* What to produce *
I'd like the data beneath this line reproduced exactly, without any of its images.

* Exercise data *
------------------------------------------------
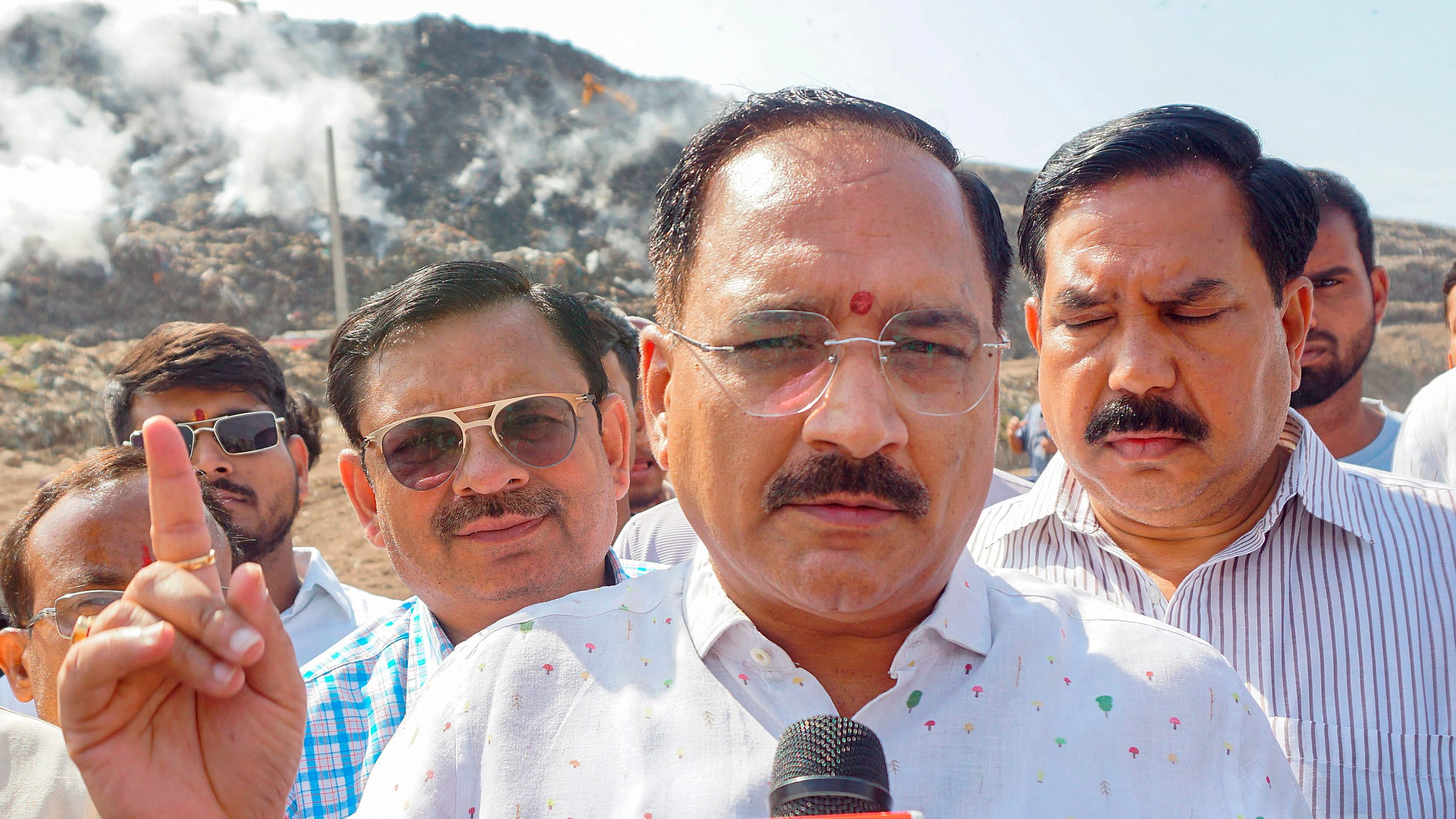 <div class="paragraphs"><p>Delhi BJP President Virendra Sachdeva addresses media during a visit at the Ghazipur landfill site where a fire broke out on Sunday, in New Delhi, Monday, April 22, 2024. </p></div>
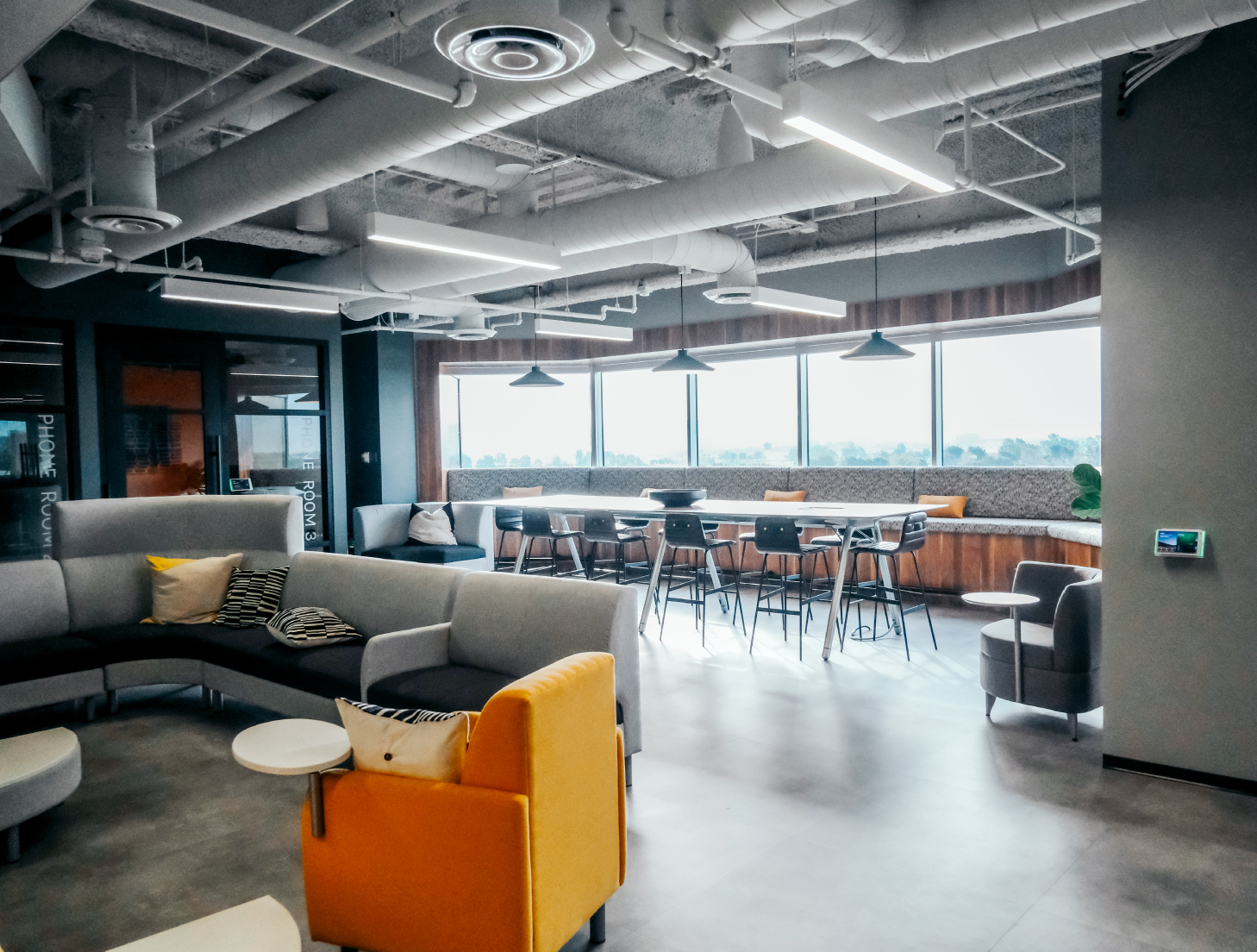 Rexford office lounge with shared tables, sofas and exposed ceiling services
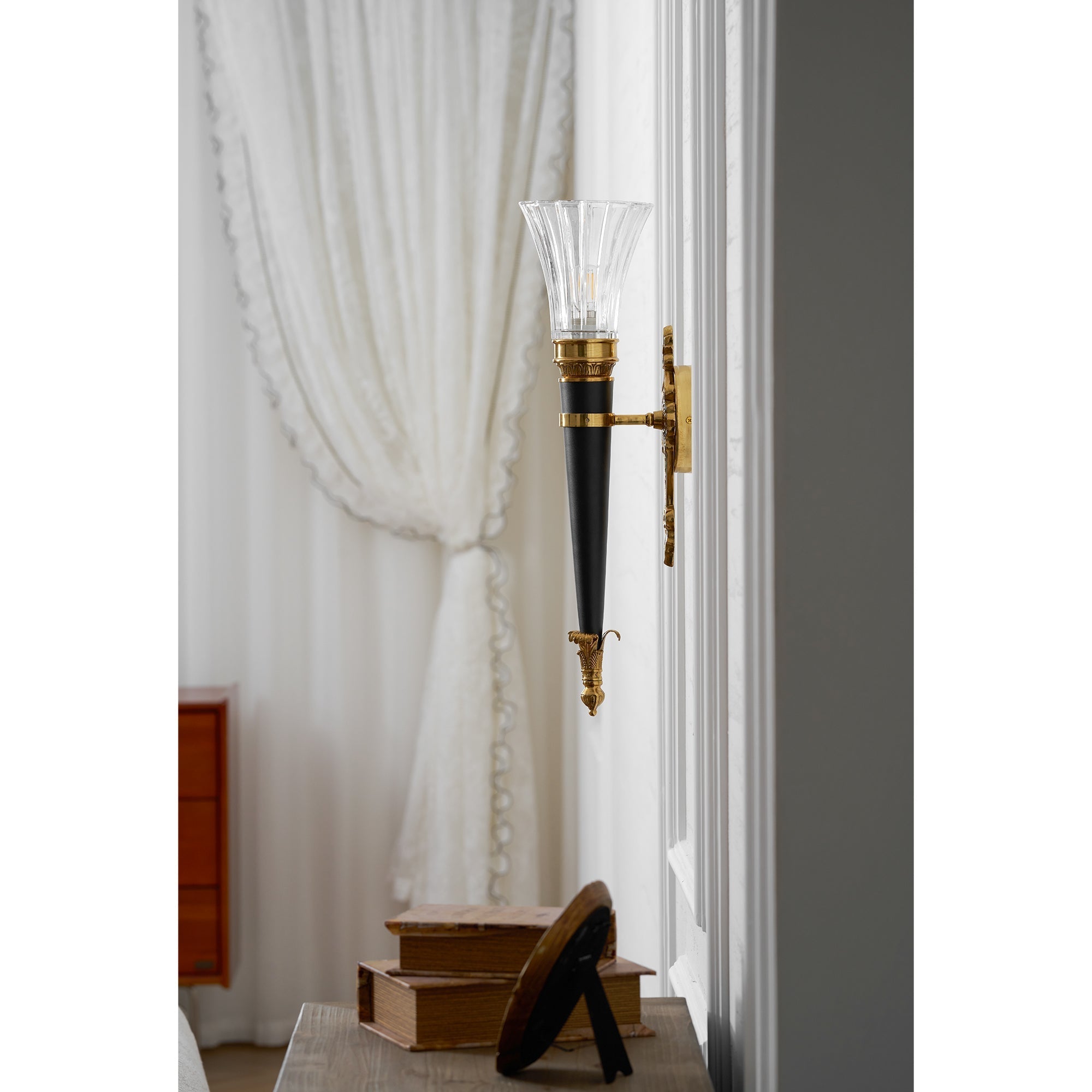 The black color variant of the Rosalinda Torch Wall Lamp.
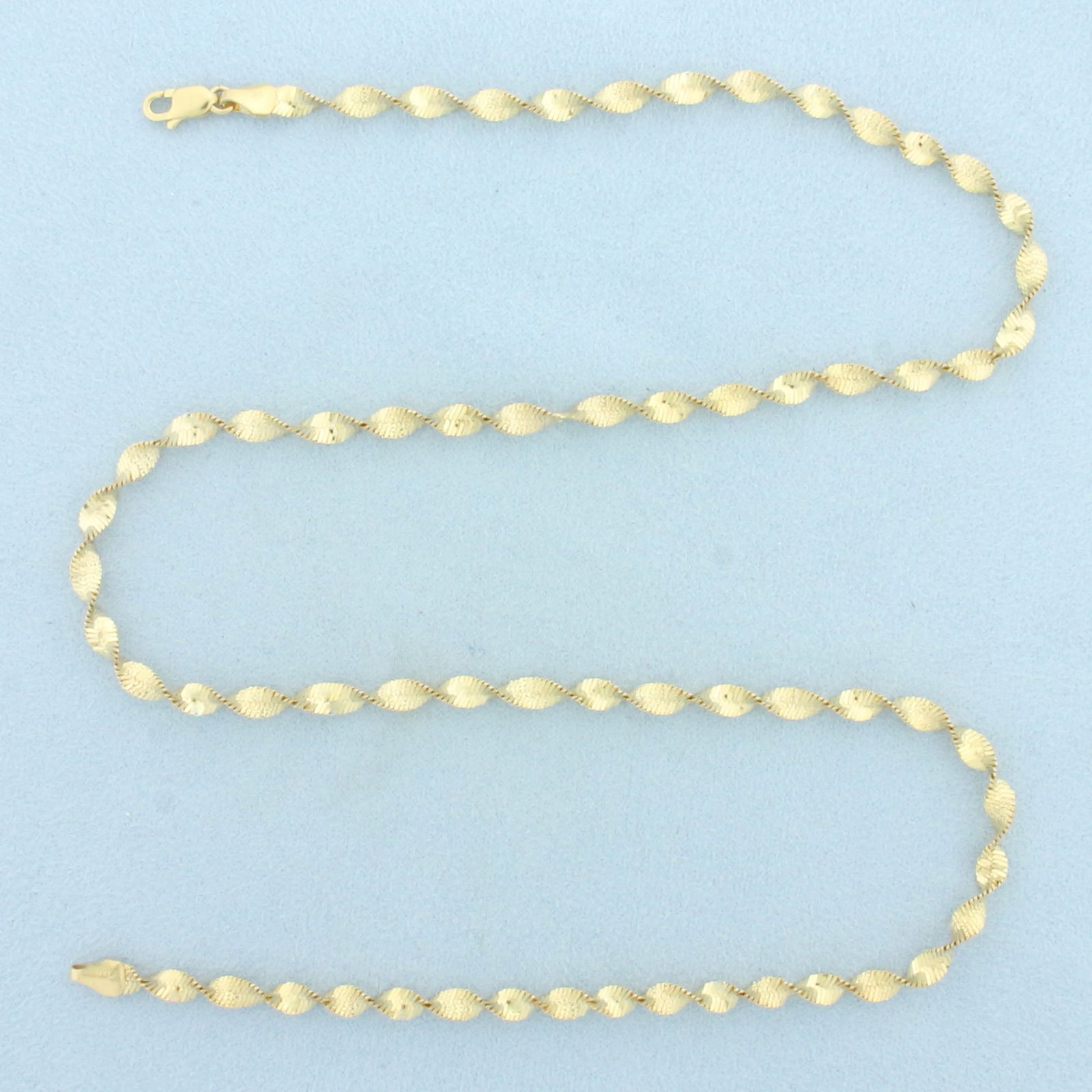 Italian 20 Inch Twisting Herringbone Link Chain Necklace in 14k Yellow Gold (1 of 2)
------------------------------------------------
* Written response *
 <div class="paragraphs"><p>Delhi BJP President Virendra Sachdeva addresses media during a visit at the Ghazipur landfill site where a fire broke out on Sunday, in New Delhi, Monday, April 22, 2024. </p></div>
 Rexford office lounge with shared tables, sofas and exposed ceiling services
 The black color variant of the Rosalinda Torch Wall Lamp.
 Italian 20 Inch Twisting Herringbone Link Chain Necklace in 14k Yellow Gold (1 of 2)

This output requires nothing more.